Linux PVE-Host2 7.0.2-6-pve #1 SMP PREEMPT_DYNAMIC PMX 7.0.2-6 (2026-05-20T08:55Z) x86_64

The programs included with the Debian GNU/Linux system are free software;
the exact distribution terms for each program are described in the
individual files in /usr/share/doc/*/copyright.

Debian GNU/Linux comes with ABSOLUTELY NO WARRANTY, to the extent
permitted by applicable law.
Last login: Wed May 27 10:27:14 2026 from 192.168.205.51
root@PVE-Host2:~# cat /etc/network/interfaces
# network interface settings; autogenerated
# Please do NOT modify this file directly, unless you know what
# you're doing.
#
# If you want to manage parts of the network configuration manually,
# please utilize the 'source' or 'source-directory' directives to do
# so.
# PVE will preserve these directives, but will NOT read its network
# configuration from sourced files, so do not attempt to move any of
# the PVE managed interfaces into external files!

auto lo
iface lo inet loopback

auto management2
iface management2 inet manual

auto cluster2
iface cluster2 inet static
address 192.168.20.152/24

auto management1
iface management1 inet manual

auto cluster1
iface cluster1 inet static
address 192.168.20.52/24

auto vmnetwork2
iface vmnetwork2 inet manual

auto migration2
iface migration2 inet manual

auto vmnetwork1
iface vmnetwork1 inet manual

auto migration1
iface migration1 inet manual

auto bond0
iface bond0 inet manual
bond-slaves management1 management2
bond-miimon 100
bond-mode 802.3ad
bond-xmit-hash-policy layer3+4
#Management Bond

auto bond1
iface bond1 inet manual
bond-slaves vmnetwork1 vmnetwork2
bond-miimon 100
bond-mode 802.3ad
bond-xmit-hash-policy layer3+4
#VMNetwork Bond

auto bond2
iface bond2 inet static
address 192.168.21.52/24
bond-slaves migration1 migration2
bond-miimon 100
bond-mode 802.3ad
bond-xmit-hash-policy layer3+4
#Migration Network1

auto vmbr0
iface vmbr0 inet static
address 192.168.205.52/24
gateway 192.168.205.1
bridge-ports bond0
bridge-stp off
bridge-fd 0
bridge-vlan-aware yes
bridge-vids 2-4094
#Management Bridge

auto vmbr1
iface vmbr1 inet manual
bridge-ports bond1
bridge-stp off
bridge-fd 0
bridge-vlan-aware yes
bridge-vids 2-4094
#VMNetwork Bridge

source /etc/network/interfaces.d/*
 
Last edited:
You have two interfaces sitting on the same subnet, its very likely that this is what is tripping you up.
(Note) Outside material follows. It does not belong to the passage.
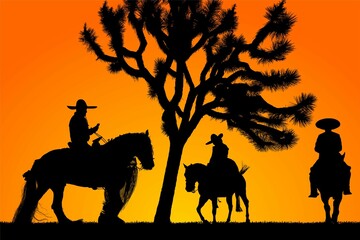 vaqueros, caballos, toro, cuernos, arbol, pony, cabalgata, cambo, arbol, ramas, vector, contraluz, atardecer, charros, mexico, jalisco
I would recommend avoiding this configuration when possible.
If you are curious, you should examine routes and ARP tables during the "outage".

Cheers


Blockbridge : Ultra low latency all-NVME shared storage for Proxmox - https://www.blockbridge.com/proxmox
The only two interfaces on the same subnet are the cluster's direct NICs, since the documentation said not to use a bond for the cluster. How would this be fixed without just using one NIC? Also, why would that only affect the two servers communicating with each other after a reboot, and be fixed after a config application?
 
To test that theory, I removed the extra cluster NIC from both hosts and rebooted a host, and it is still doing the same thing. I put it back the way it was, hit apply configuration, and everything is working again. I could make a simple change like changing the comment text, then hit apply configuration, and everything would work. Just doesn't make sense to me.
 
Last edited:
journalct -e for systemd and dmesg -T for kernel messages.
For a live view use journalct -ef and dmesg -wT.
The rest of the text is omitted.